Simpson's D is perhaps the most intuitive of the three measures and
can be interpreted as the probability of two randomly drawn tokens
from the text being identical
#### Parameters of probabilistic models
- Orlov's (1983) Z
#### Measures that use the whole text
- Average token length
- Covington and McFall's (2010) MATTR
- Kubát and Milička's (2013) STTR
- Log10 text length in characters
- Log10 text length in tokens
- MTLD (McCarthy and Jarvis 2010)
Measures of dispersion:
- Evenness-based dispersion
- Gini-based dispersion
- Gries' DP and DPnorm (Gries 2008, Lijffijt and Gries 2012)
- Kullback-Leibler divergence (Kullback and Leibler 1951)
DP/DPnorm and KL-divergence require an additional parameter
(the number of parts in which to split the text), therefore they are
not computed in the command-line script.
### Sentence-based measures
- Sentence length in characters
- Sentence length in tokens
Language-specific measures relying on a list of part-of-speech tags
that indicate punctuation, see [language definition
files](#language-definition-files):
- Punctuation per sentence
- Punctuation per token
- Sentence length in words
### POS-based measures
- Lexical density (Ure 1971)
- Rarity (requires a reference frequency list)

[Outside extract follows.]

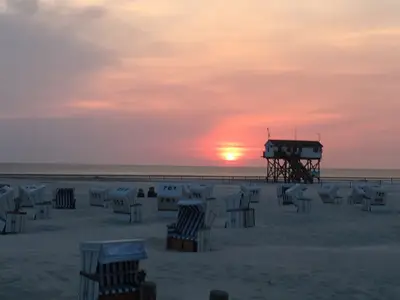 Sonnenuntergänger erleben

These measures rely on language-specific information (lists of
part-of-speech tags that indicate open word classes and proper names
and lists of the most common word-tag pairs in a reference corpus),
see [language definition files](#language-definition-files).
### Dependency-based measures
- Average dependency distance (Oya 2011)
- Closeness centrality
- Closeness centralization (Freeman 1978)
- Dependents per token
- Longest shortest path
- Outdegree centralization (Freeman 1978)

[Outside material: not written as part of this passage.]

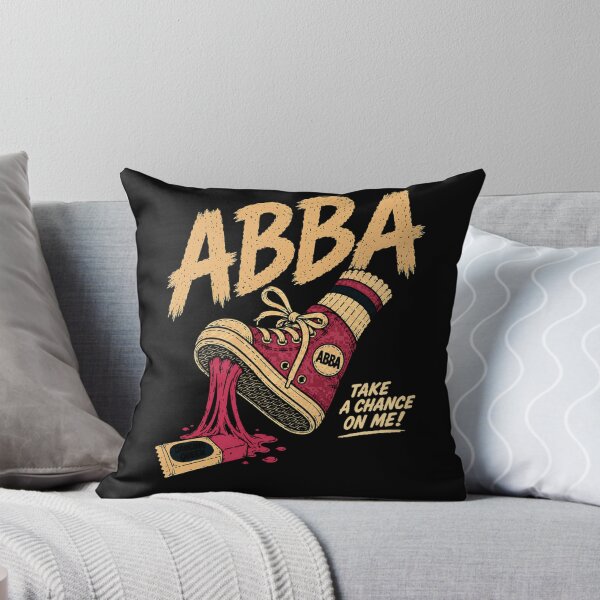 Item preview, ABBA Take A Chance On Me Design designed and sold by EmersLowe.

### Constituency-based measures
Language-independent measures:
- Constituents per sentence
- Height of the parse trees
- Non-terminal constituents per sentence
Language-dependent measures (defined for the German [NEGRA parsing
scheme](http://www.coli.uni-saarland.de/projects/sfb378/negra-corpus/knoten.html)):
- Clauses per sentence
- Complex t-units per sentence
- Coordinate phrases per sentence
- Dependent clauses per sentence
- Noun phrases per sentence
- Prepositional phrases per sentence
- Verb phrases per sentence
- t-units per sentence
## Language definition files
Some complexity measures (e.g. lexical density and rarity) require
language specific information that needs to be provided by *language
definition files*. For German and English, the built-in language
definition files will be used automatically (as long as you indicate
the language via the `--lang` option). For other languages (`--lang
other`), you need to provide the language definition files yourself.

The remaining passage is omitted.